Il tocco del regista è leggero, la camera come un occhio indiscreto, nascosto, che spia la regina e il suo improbabile amico. Il film si sofferma spesso su bellissime vedute della campagna inglese -dai suoi laghi ai castelli umidi di pioggia, fino ai campi di erica in Scozia- mentre Londra e le sue residenze sono quasi del tutto ignorate.
La vita della regina Vittoria è tratteggiata all’interno del palazzo, seguendo il ritmo delle visite reali e delle celebrazioni, dove tutto è triste e ripetitivo. Anche svegliarsi e vestirsi è lungo e doloroso, un processo che segue una folle etichetta che, ancora, garantisce troppi privilegi per essere abbandonata. I suoi ultimi giorni si snodano in fronte alla Corte, di fronte al figlio che scalpita per il proprio turno sul trono.
Le cose cambiano, ovviamente, quando Abdul si fa avanti.
Nelle scene che condividono i due amici, anche la luce sembra più brillante, i colori più vividi.

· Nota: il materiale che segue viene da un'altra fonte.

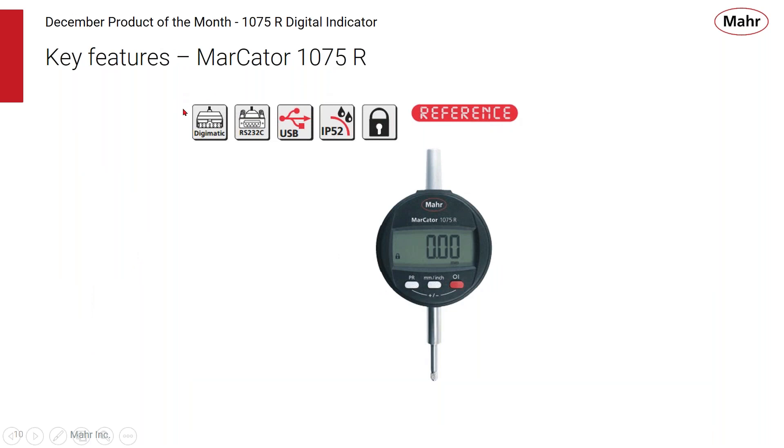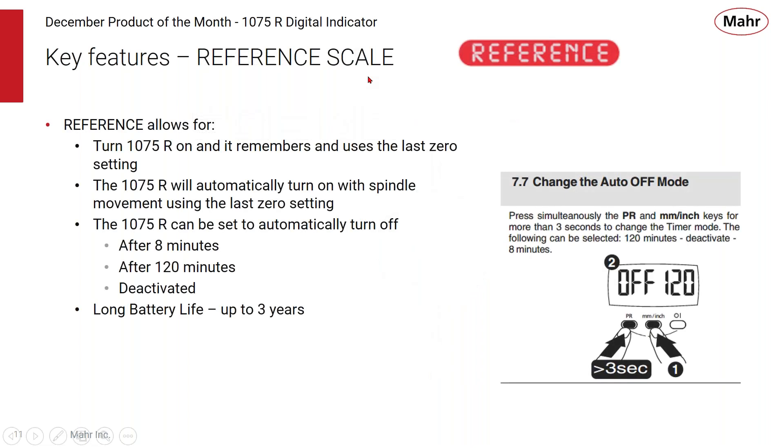A key feature of the Markator 1075R is the built-in reference scale, which is common across all MARS products — calipers, depth gauges, digital indicators, and micrometers. This reference feature means whenever the 1075 is turned off, it remembers the last zero setting. Whenever it comes back on again, it doesn't need to be re-zeroed — it remembers the last reference point. This saves a step: if it goes to sleep and comes back on, it's ready to use without placing the master back in to re-zero.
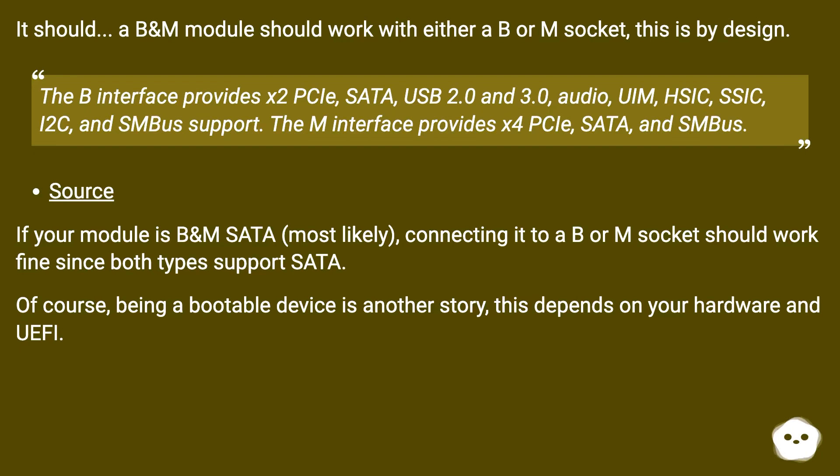If your module is B and M SATA, most likely connecting it to a B or M socket should work fine, since both types support SATA. Of course, being a bootable device is another story — this depends on your hardware and UEFI.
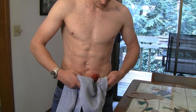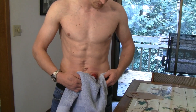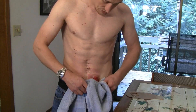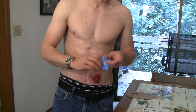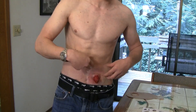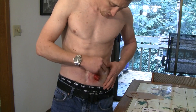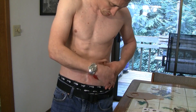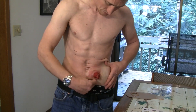I prefer paper towels or an actual towel over toilet paper. I do this in the bathroom where toilet paper is readily available, but I find toilet paper tends to cling to my stoma, and even more so when I put my skin barrier on — it clings badly, is hard to get off, and you have to re-clean. So toilet paper doesn't really work well for me.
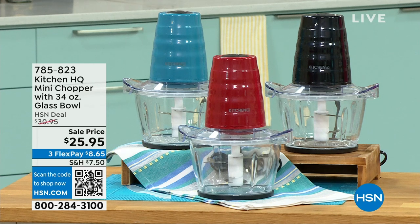It's available for $25.95. You just choose either the black, we have it in the red, or we have it available in the teal. And it's so easy to use.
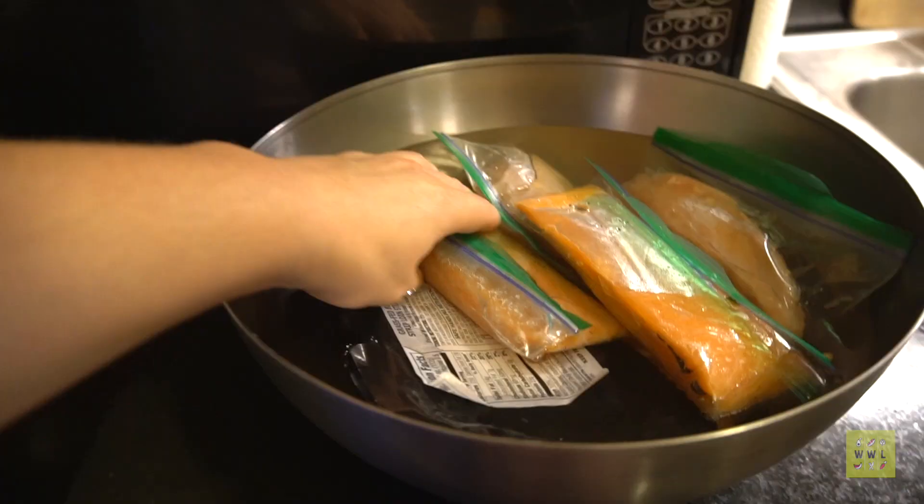Hey guys, I'm Talia, founder of Ropeep Lunge, and today I'm taking you with me on my entire meal prep Sunday process. Let's get to it!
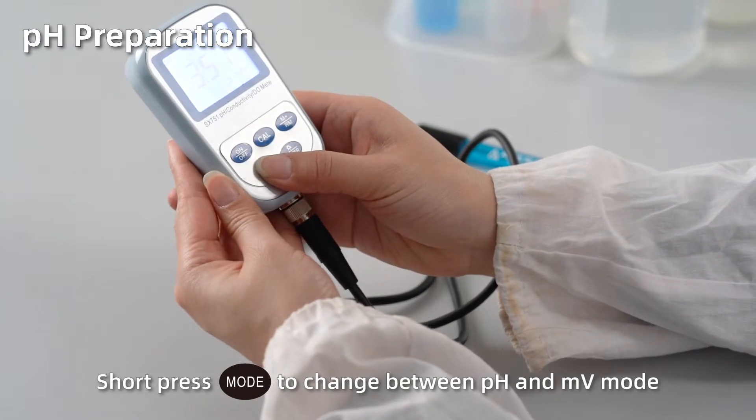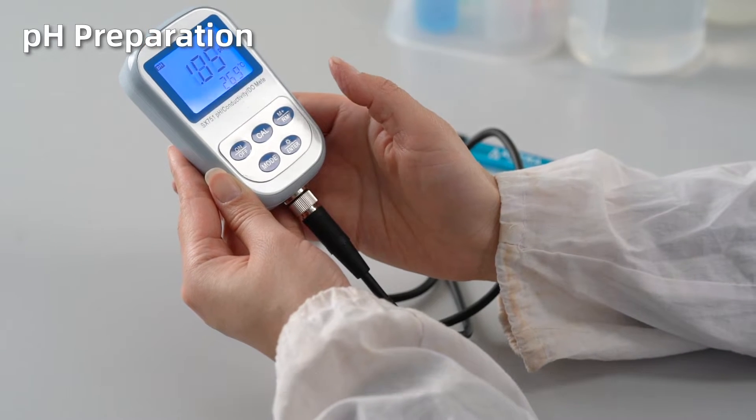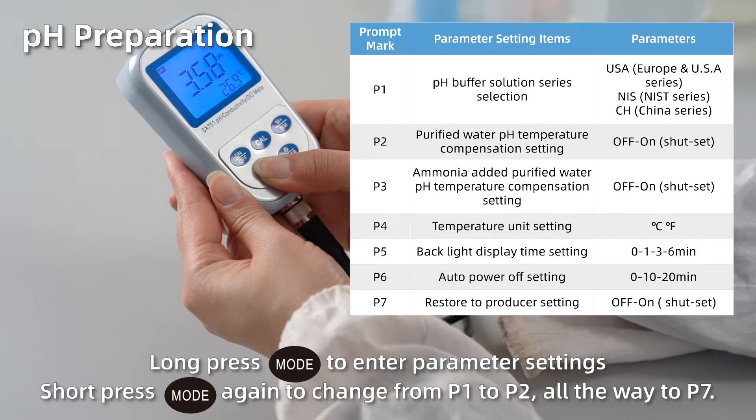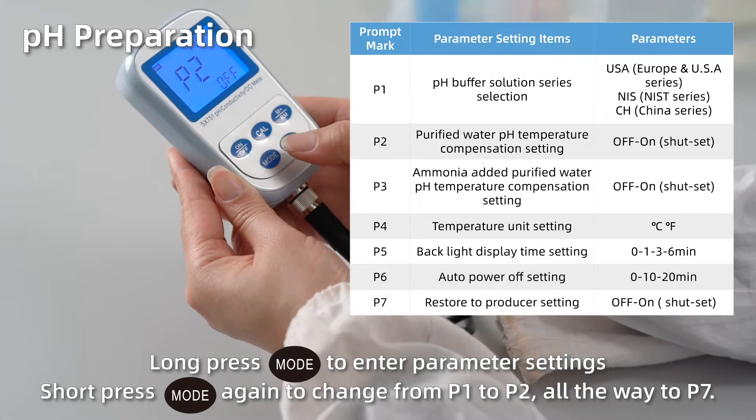Short press mode to change between pH and MV mode. Long press mode to enter parameter settings. Short press mode again to change from P1 to P2, all the way to P7.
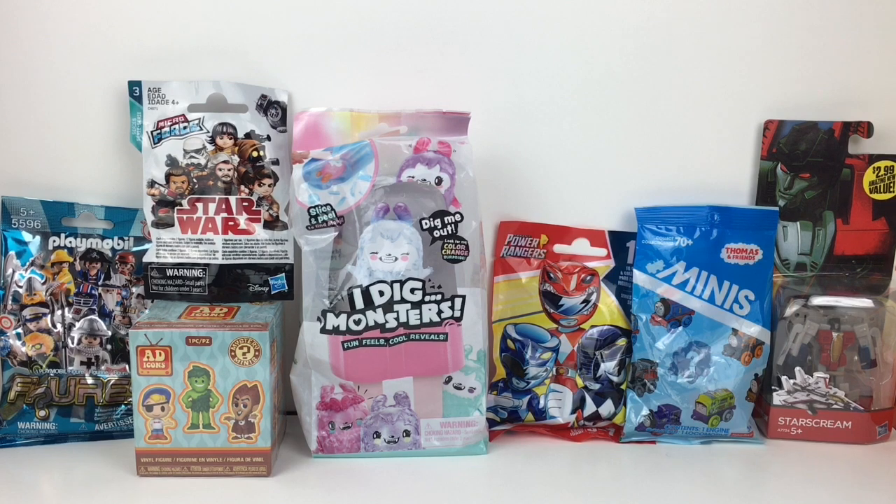Hi everyone and welcome to the Mini Toy Love channel! Today I have a variety of surprise blind bags to open with you guys, including Funko Ad Icons Mystery Minis, I Dig Monsters, Star Wars, Power Rangers, and more.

I nobili e il personale di corte, anche il figlio primogenito Bertie (Eddie Izzard), successivamente Edoardo VII, sono una rappresentazione divertente dell’Ancien Regime, di regole che proibiscono i legami tra ranghi diversi e tra individui di colore diverso.
Un razzismo che può non sorprendere in personaggi del Diciannovesimo Secolo ma che è viene fieramente contrastato dalla Regina, una donna senza pregiudizi, interessata solo ad amicizia e conoscenza.
Ali Fazal è un Abdul Karim convincente e ammaliante, leale ed innamorato della vita, del bene, mentre Judi Dench è brava in modo commuovente; ha così tante sfaccettature, così tante reazioni diverse. Abdul tocca ogni corda dell’animo dell’anziana donna con la forza di un uragano, portando conoscenze mai sentite che, seppur normali in India, risultano strane e pressione alla Regina d’Inghilterra.
Sono questa infatuazione con la cultura mussulmana, la volontà della regina di apprendere dal suo Munshi, un uomo di colore senza passato né titolo, che preoccupano la Corte Reale.
Sicuramente è un buon momento per un film di questo tipo, dopo il successo di “Victoria” (ITV, Jenna Coleman interpreta la Regina Vittoria), “The Crown” (Netflix, di Peter Morgan e con Claire Foy come Elisabetta II) ed i numerosi documentari prodotti per l’Anniversario d’Argento della Regina Elisabetta II.
In un certo senso, le sovrane britanniche sono state vere protagoniste dell’universo multimediale.
Ora, Vittoria e Abdul viene presentato alla 74 Mostra Internazionale del Cinema di Venezia, sette anni dopo la scoperta degli appunti privati di Abdul Karim. Si potrebbe dire che, finalmente, la loro dolce storia, una storia d’amicizia e rispetto, smetterà di essere oscurata dal pregiudizio e dall’oscurantismo, permettendole di essere libera di commuovere le generazioni a venire.